Robin Walker - Design Manager

Robin Walker co-wrote the hugely popular Quake mod Team Fortress, before being assimilated when Valve acquired Team Fortress Software. Since that time, he has been responsible for design, code, and management on various Valve products.

Josh Weier - Software Developer

Hailing from Wisconsin, where he worked on multiple FPS titles with Raven Software, Josh now finds himself in the ever-raining Seattle. But at least it doesn't snow. Most of his days are spent holed up in an office with Steve Bond designing new encounters, creating special effects, and using his whiteboard as a canvas for a wide variety of strange and badly drawn characters. Don't get him started about "treasure games" and be sure to make fun of how young he is, because he really gets a kick out of it.

Doug Wood - Animator

Doug joined Valve in 1997 and has been working on the Half-Life series ever since. Before Valve, Doug worked at 3Drealms where he worked on Duke-Nukem 3D and Prey. He has been working in the gaming industry since 1994.
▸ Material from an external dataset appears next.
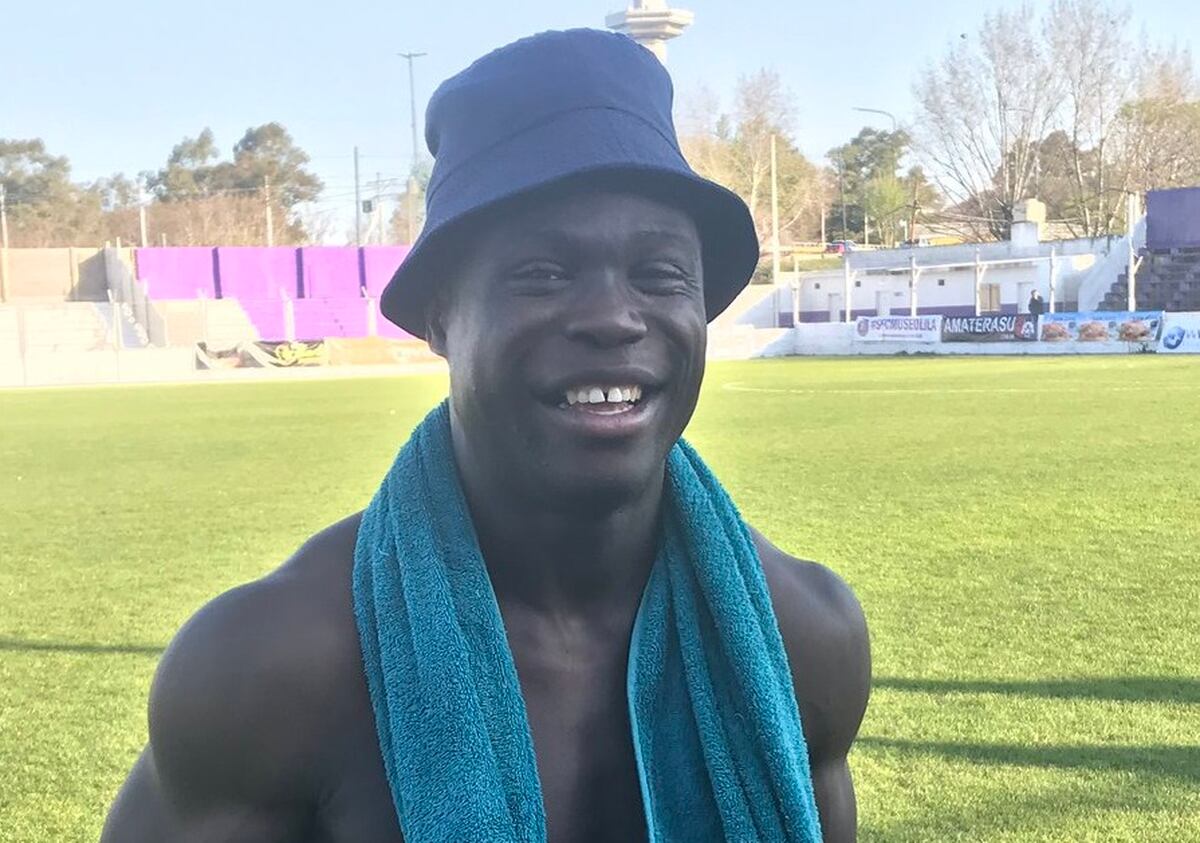 que es el negro del whatsapp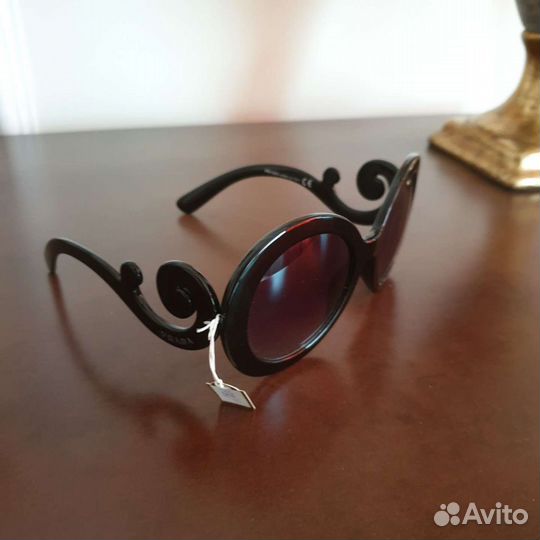 Солнцезащитные очки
Matt T. Wood - Level Designer

Matt found his passion for making games by way of creating maps for Doom and Duke Nukem 3D. In 1997 he was hired by 3D Realms Entertainment to work as the lead level designer on their first full 3d game Prey (after the original team left). He later moved onto 3D Realms's Duke Nukem Forever as a level designer at first and soon transitioned into lead modeler/animator. At Valve, Matt is again back to level design where he (among other things) works with the 'choreo' team designing and creating scripted scenes for the Half-Life universe.